[INFORMATION SUPPLIED]:
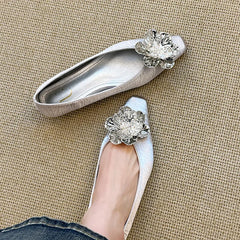 Cyflymder Flower Women's Shoes Flats Elegant Shallow Sandals Luxury Fashion Dress Loafers New Walking Shoes Party Comfort Mujer Sandalias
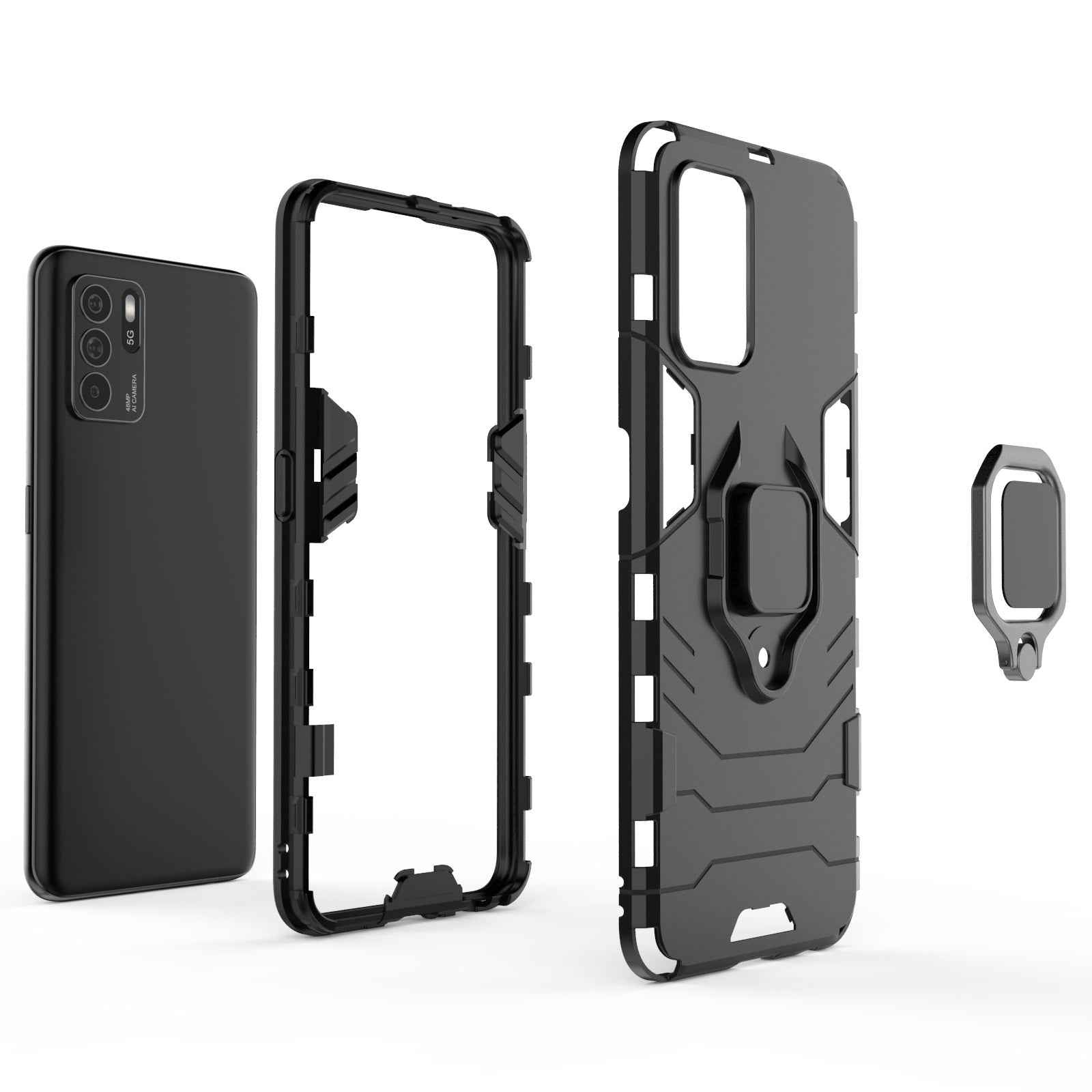 For-OPPO-Reno6-Z-Shockproof-PC-+-TPU-Protective-Case-with-Magnetic-Ring-Holder(Black)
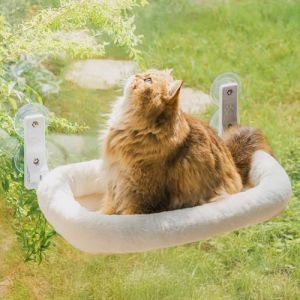 EDAGNY Hamac &eacute;l&eacute;gant pour Chat &agrave; fen&ecirc;tre Pliable &ndash; Lit en Peluche pour Chat avec Housse &eacute;paisse Amovible, Structure en Acier Stable Jusqu&rsquo;&agrave; 18 kg (Cr&egrave;me, M) (EDAGNY-EU, neuf)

[TASK TO COMPLETE]:
Print the material above exactly, skipping its images.

[OUTPUT FOR THIS TASK]:
 Cyflymder Flower Women's Shoes Flats Elegant Shallow Sandals Luxury Fashion Dress Loafers New Walking Shoes Party Comfort Mujer Sandalias
 For-OPPO-Reno6-Z-Shockproof-PC-+-TPU-Protective-Case-with-Magnetic-Ring-Holder(Black)
 EDAGNY Hamac &eacute;l&eacute;gant pour Chat &agrave; fen&ecirc;tre Pliable &ndash; Lit en Peluche pour Chat avec Housse &eacute;paisse Amovible, Structure en Acier Stable Jusqu&rsquo;&agrave; 18 kg (Cr&egrave;me, M) (EDAGNY-EU, neuf)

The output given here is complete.